Советская интеллигенция, кстати, так и сделала — именно из таких «слуг фараона» был Сахаров. Не знаю, читал ли он «На краю Ойкумены», куда вошла впоследствии рискованная повесть, но думаю, что представление имел: среди писцов, кормчих и корабелов Ефремов был в моде. Впрочем, участь этих умников Ефремов тоже предсказал — рано или поздно писания их будут запрещены, а самих их вынудят либо молчать, либо бежать...
После «Туманности», прославившей его во всем мире и повлиявшей на юного Джорджа Лукаса до того, что в честь Дара Ветра он назвал Дарта Вейдера, Ефремов написал, вероятно, самое странное свое сочинение, глубоко и многослойно зашифрованный роман «Лезвие бритвы», которого, пожалуй, без «Часа быка» не понять. Книга вышла в 1963 году и была во всех интеллигентных домах; хитро завернутая фабула с магическим кристаллом, отнимавшим память, выдумана главным образом для маскировки. Гораздо сложнее была главная, тщательно упрятанная ефремовская мысль о том, что все великое и прекрасное в мире существует на лезвии бритвы, на тончайшей грани между диктатурой и анархией, богатством и нищетой, сентиментальностью и зверством; человек — тонкий мост меж двумя берегами, над двумя безднами. И эту-то грань предстоит искать вечно, но если ее не искать, жить вообще незачем. Легче всего сказать, что «на всех стихиях человек — тиран, предатель или узник»; легче всего признать, что единственно актуальным остается выбор дьявола: либо ты диктатор и узурпатор, либо тварь дрожащая. Либо Запад с его мелкой горизонталью, либо Восток с его убийственной вертикалью. Человек и есть это самое лезвие бритвы, и он обязан из двух выбрать третье — потому что любой другой выбор неотвратимо ведет в инферно. Это свое инферно Ефремов подробно описал в «Часе быка», где не просто развенчал оба варианта утопии — капиталистическую и коммунистическую, — но гениально показал, что они НЕ ИСКЛЮЧАЮТ ДРУГ ДРУГА! Для 1968 года, как хотите, это догадка блестящая: мало того, что выбор между ворюгами и кровопийцами безнадежен, он еще и ложен, потому что принципиальной разницы между ними нет.
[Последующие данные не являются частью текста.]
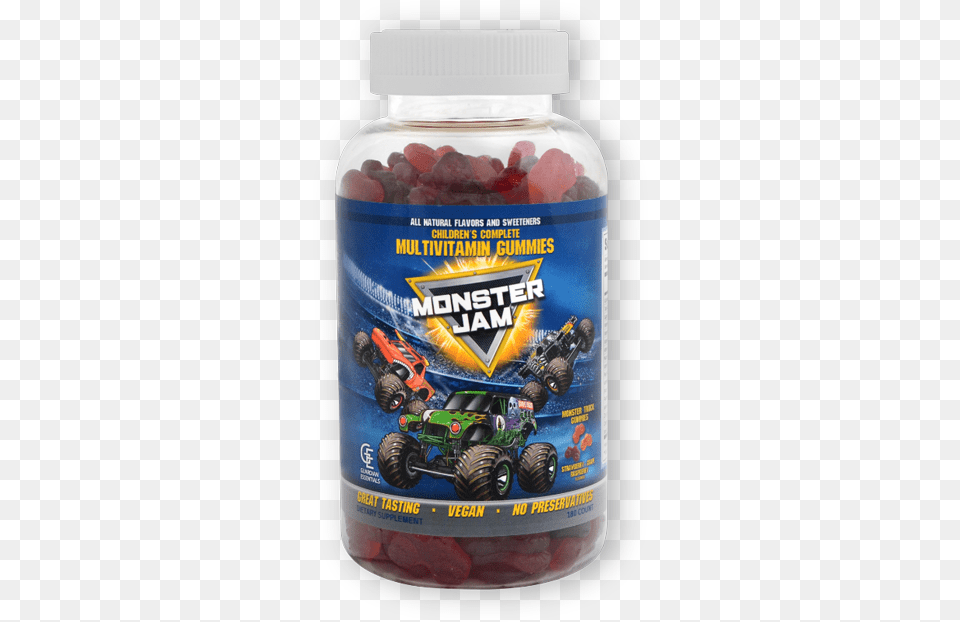 Monster Jam Multi Vitamin Gummies Monster Jam Megalodon Trucks Car Auto Sticker Decal, Transportation, Vehicle, Food, Ketchup Png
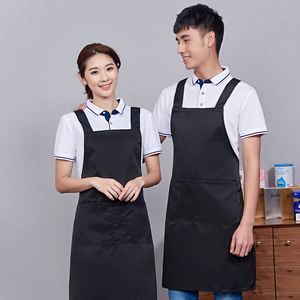 Tablier de chef en nylon tissé imperméable et résistant à l'huile, couleur réglable, logo personnalisé, pour utilisation en cuisine de restaurant, unisexe - Product Image 1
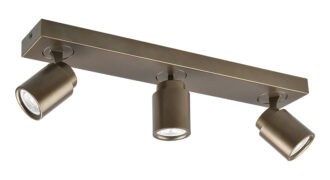 3-lichts Balk "Razza" GU-10 Brons-Goud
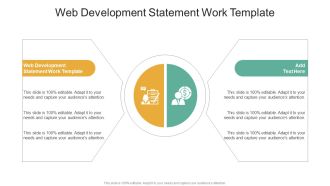 Web Development Statement Work Template In Powerpoint And Google Slides Cpb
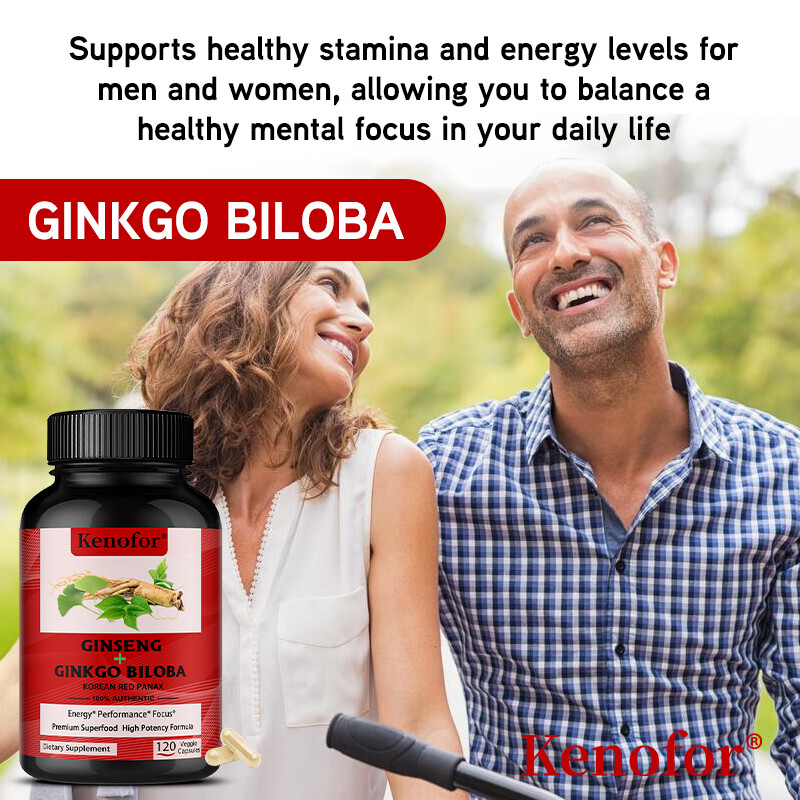 Ginkgo Biloba + Ginseng Capsules – Improved Endurance – Increased Energy
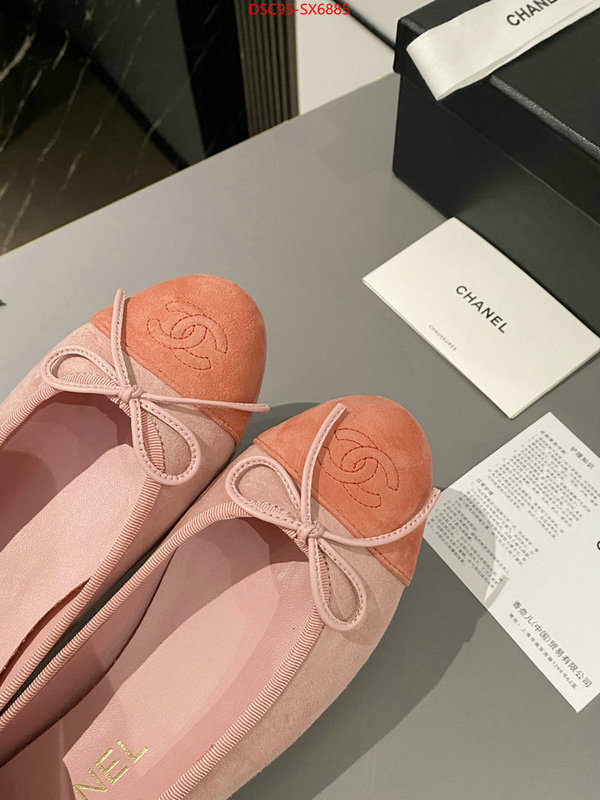 Women Shoes-Chanel replica 1:1 ID: SX6885 $: 95USD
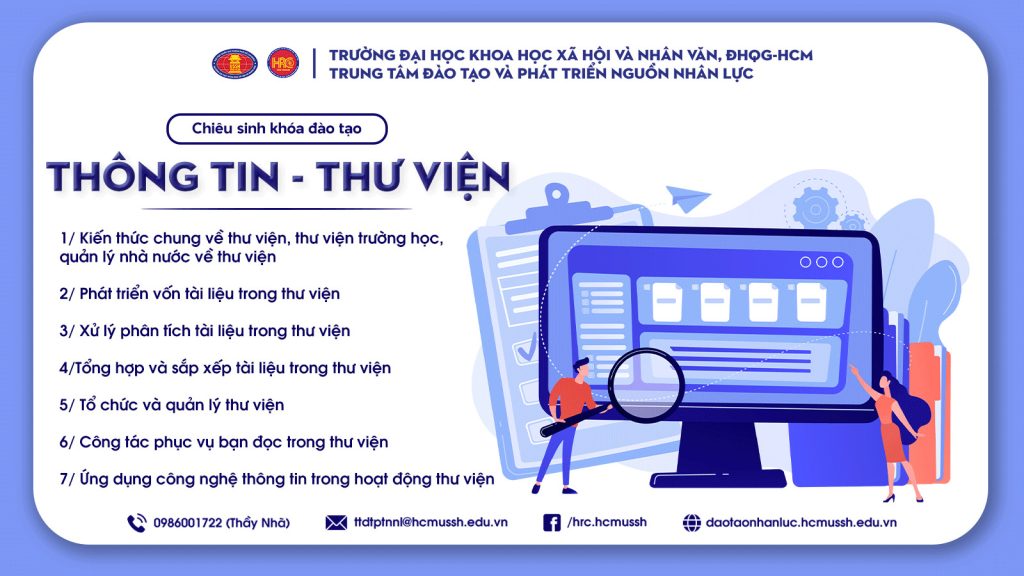 Nghiệp vụ Thông tin – Thư viện (Khóa 12) – Khai giảng 24/12/2023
Мир планеты Торманс, на которую устремился звездолет «Темное пламя», — фантастический, но сегодня особенно узнаваемый гибрид из коммунистических технологий и капиталистических терминологий; мир, в котором все население поделено на «джи» и «кжи» — долгоживущих и краткоживущих (Ефремов чудесным образом предсказал современную отечественную систему здравоохранения, когда жизнь в буквальном смысле покупается). Капиталистическая интенсивность эксплуатации и капиталистическое же неверие в равенство накладываются на истинно коммунистическую непримиримость к инакомыслию — и вот тебе, пожалуйста, мир позднего совка, в котором от идеалов осталась только дряблая словесная оболочка.